4 – 2  deux relectures en 1969 et 1973

* un premier point est fait un an après[42] au printemps 1969. le plan énonce quatre points :  le rappel du constat « le malentendu  dénoncé par notre Evêque » (le mot est ici repris) ; où en sommes nous depuis un an ? ; comment progresser dans l’immédiat ?  où veut-on en finir, finalement ?[43]

 

* on mesure bien le changement profond de mentalité  qu’induit ce nouveau dispositif, le temps qu’il faut pour créer de nouvelles habitudes mentales et de comportement (créer un délai entre l’inscription et le baptême). On  cite les reproches faits aux responsables : rigorisme (jansénisme), mépris de ceux qui sont loin de l’Eglise. Cette pastorale serait le reflet d’une « religion d’élite »[44].

On avoue que les réalisations - c’est à dire la mise en place notamment de l’inscription, du délai, des réunions de parents, de célébrations communes  -   ne sont pas toujours encore (sic) à la dimension des intentions ;  20 sur 50 paroisses urbaines proposent des réunions de parents (les parents s’expriment…il est souhaité que le prêtre soit aussi un chercheur avec les autres)

 

* une nouvelle évaluation aura lieu en 1973, cinq ans après. Elle sera faite par le conseil presbytéral[45]. Le compte-rendu donné[46]  dresse d’abord un état : « des familles demandent le baptême de leur enfant avec des motifs et une préparation apparemment insuffisante, eu égard au monde sécularisé dans lequel nous vivons ». Le délai semble accepté et compris, voire souhaité : « un nombre non négligeable de familles souhaiteraient prendre le temps de réfléchir avant de faire baptiser leur enfant » (sic !). le conseil presbytéral exprime des souhaits d’une pastorale pacifiée. Face à la demande d’avoir un délai plus important, Mgr Guyot confirme le délai d’un mois « en tout état de cause », mais encourage les trois mois - (comme espace d’accueil selon la déclaration du  conseil permanent de décembre 1971  suite  la réflexion : « Eglise signe de Salut au milieu des hommes » dans ses propositions[47]). Des propositions d’un délai de trois moi demanderont à être réalisées au plan de doyenné ou du secteur ; il conviendra aussi de savoir qui est le prêtre « mandaté » qui assure la proposition de trois mois et plus. Enfin un bilan en commission et en Conseil Presbytéral sera à faire un an après (1974).

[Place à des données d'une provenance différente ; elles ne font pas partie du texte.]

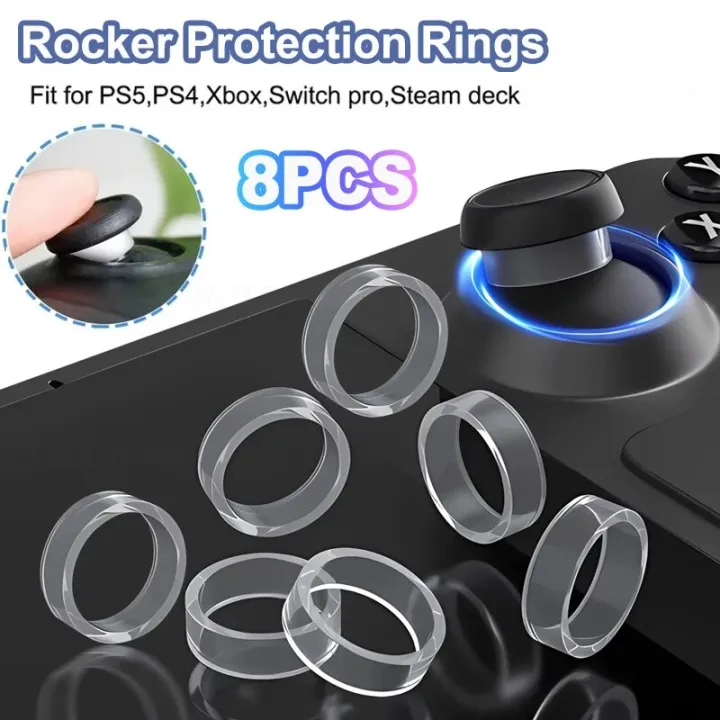 8%20PCS%20Ring%20Cover%20Elastic%20Protective%20Rocker%20%20Ring%20For%20PS5/%20PS4/%20Switch%20PRO%20Joystick%20Silicone%20for%20Rog%20Ally%20Game%20Console%20-%20Image%202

La reformulation des visées souligne les points qui font difficulté ; Il s’agit de « comprendre et faire comprendre » : qu’il n’y « pas de remise en question du baptême des Petit-Enfants, que le délai de trois mois n’est pas à imposer, mais à proposer, enfin que ce n’est pas de l’ordre du règlement diocésain, mais du moyen de la chance d’évangélisation au service de la diversité de plus en plus grande des personnes et des situations ».

Les difficultés et résistances se focalisent sur

-         la proposition ou l’obligation de la démarche et des délais[48],

-         la possibilité de refus (de fait).

 

4 – 3   Mgr Jean Guyot

* Mgr Guyot accompagne la mise en œuvre, précise, confirme objectifs et orientations. 

 

* Il  rédige une lettre  aux parents[49] qui demandent le baptême pour leur enfant viendra ensuite inviter les familles à venir inscrire les enfants un mois à l’avance.. préparer cet acte qui les engage si sérieusement. La lettre comporte donc l’invitation  à la réunion et la présentation du but de celle-ci.

 

*les interventions de Mgr Guyot sont en accord avec la réflexion des Evêques qui en 1971[50] confirment les orientations  qu’ils avaient prises à ce sujet en 1965.

 

* les documents suivants feront apparaître la consolidation et l’approfondissement de la visée et du dispositif, les exigences pédagogiques de présentation. L’argumentation reprend ce qui a été dit.

 

3 –4  nouveaux aménagements

Le délai des trois mois est donc mis en place en certains lieux en 1973.
En même temps le dispositif
[51] se précise quant à la façon d’inscrire  l’enfant et à la possible célébration d’accueil : « lorsqu’une famille demande le baptême avec des motifs et  une préparation apparemment insuffisants ou à l’inverse souhaite prendre le temps de réfléchir

-         l’enfant est immédiatement inscrit sur un registre « préparation au baptême ». On pourra également s’entendre pour une « célébration d’accueil »  … sans confusion. Cette célébration doit permettre de rendre grâce pour la joie de la naissance et manifester « la prise en charge par l’Eglise ».alors commence un cheminement d’au moins 3 mois pour des rencontres. Que comprennent ces rencontres ?  Des indications de pistes ou de fiches sont données :  découverte à travers l’expérience de la paternité-maternité ; initiative de Dieu et de son dessein sur l’homme ; don de la foi ; place de celle-ci dans la vie quotidienne ; sens de la vie et engagement chrétien ; appel de l’Evangile. y associer famille et amis pour faire naître un petit groupe de cheminement qui dans un cas favorable rejoindrait les communautés axées sur la vie. Ce temps permet d’affermir le désir des parents de voir baptiser leur enfant et de mieux prendre conscience des engagements ; Cette proposition, on en convient, ne résoudra pas tous les problèmes, il s’agit d’une possibilité plus sérieuse de cheminement »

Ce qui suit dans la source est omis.